La Grande Guerre est pour nous aujourd’hui essentiellement commémorations et lectures. Pour les plus jeunes, la guerre se regarde à la télévision et on y joue parce que l’être humain, quel que soit son âge, ne peut s’empêcher de s’inventer des conflits. Il faut que la très brutale réalité le rattrape pour que l’arrière-arrière-petit-fils du soldat Botillon se rende compte que la guerre est faite par des hommes qui souffrent et qui meurent.
Hervé Giraud trouve le ton juste pour ses deux narrateurs : un Botillon ni belliqueux ni pacifiste, juste obéissant parce qu’il ne peut faire autrement. On le suit dans sa tranchée, comme tous les autres. Avec la peur, le froid, la boue. L’arrière-petit-fils adopte un ton je-m’en-foutiste, légèrement cynique, souvent méchamment drôle. On peut parier que ce personnage-là retiendra l’attention du jeune lecteur rechignant à lire un roman sur la Grande Guerre.
On reste vautrés sur les chaises pour profiter de nos derniers moments assis, et puis miracle de la téléportation, Grand-Mamie est sur un fauteuil du jardin, col pelle à tarte sur chemisier blanc à jabot, le visage tartiné de ce qui semble être une épaisse couche de Dermophil indien, surmonté d’une chevelure crêpée d’un gris bleuté du plus bel effet. Quand on l’embrasse, ça colle. Toutes les générations inférieures sont debout autour d’elle à battre des mains comme si elle venait d’achever sa traversée des cinq continents à cloche-pied.
La thématique Première Guerre mondiale sur Tête de lecture
Le jour où on a retrouvé le soldat Botillon
Hervé Giraud
Thierry Magnier, 2013
ISBN / 978-2-36474-329-8 – 133 pages – 9 €
Pas mal comme idée, tenter de toucher les plus jeunes à cette grande guerre, très éloignée maintenant
Oui, et ce qui est d’autant plus appréciable c’est qu’Hervé Giraud y met une touche d’humour, ce qui au départ n’était pas évident…
J’aime aussi beaucoup l’approche. Pas sûre d’être moi-même touchée par ce roman jeunesse et ces ados têtes-à-claques 😉 Mais je vais le conseiller à ma frangine prof d’histoire qui désespère toujours de rendre ses élèves attentifs à « ces vieux trucs ».
Je sens qu’elle te remercie déjà 🙂
Je l’ai acheté pour mes collégiens, me reste à le lire….

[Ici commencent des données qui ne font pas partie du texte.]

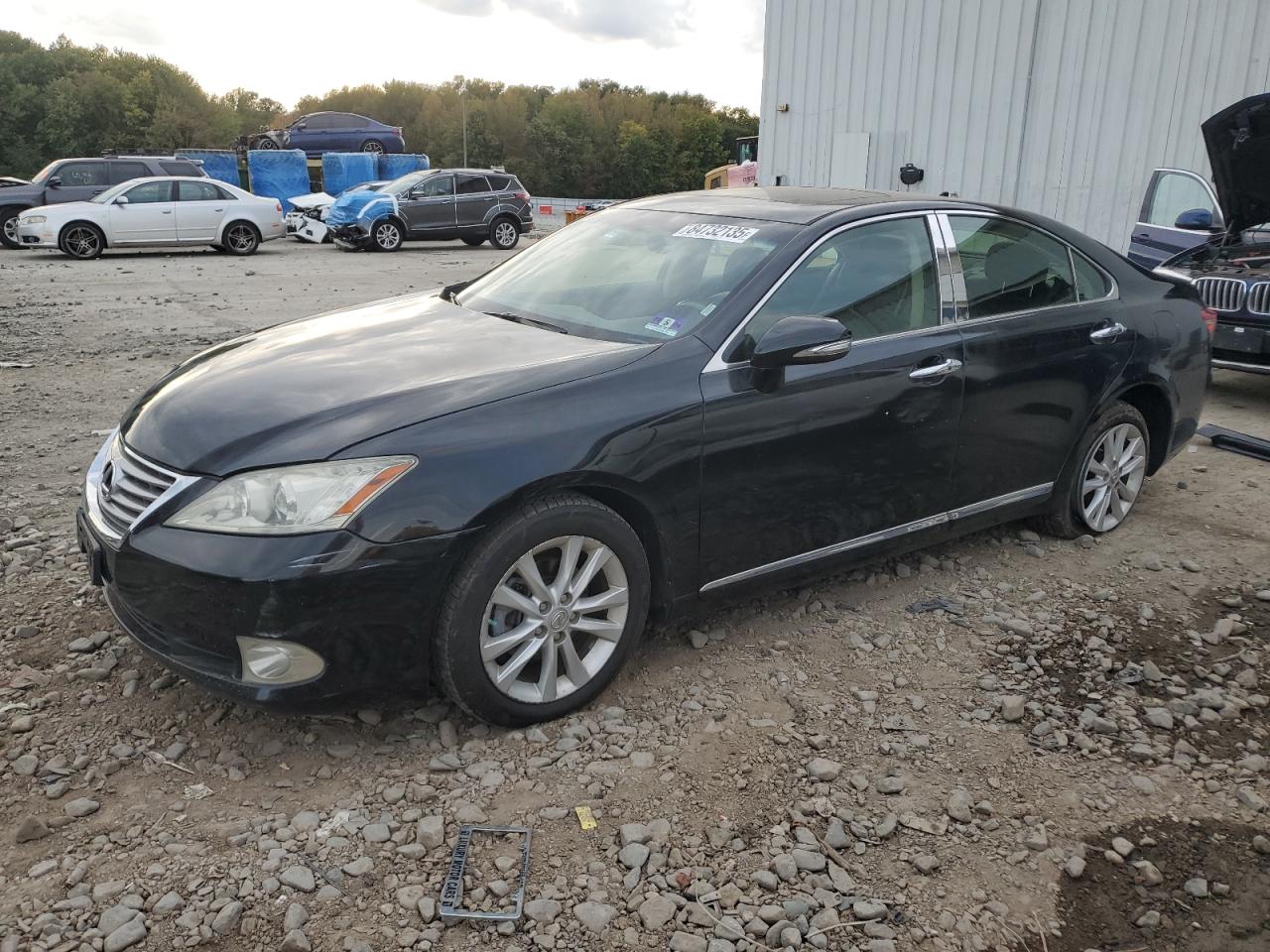 2012 Lexus Es 350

Je n’ai plus de collégien, pas pu le tester sur le public cible mais je pense qu’il peut fonctionner. Bon bien sûr, plutôt dans le cadre de lectures thématiques, car je ne suis pas certaines que beaucoup de jeunes lecteurs aillent vers ce genre de romans sans qu’on les leur suggère… Même si je pense que la curiosité de certains peut s’éveiller grâce à la place que les médias font aux commémorations.
Je note pour mes élèves!
Je sens bien que les enseignants sont à la recherche de titres de qualité sur le sujet…
Beaucoup aimé aussi, surtout la façon dont la souffrance des gueules cassées est expliquée
Pour ma part, j’aurais bien aimé que cet aspect soit plus développé psychologiquement. Mais le roman est court…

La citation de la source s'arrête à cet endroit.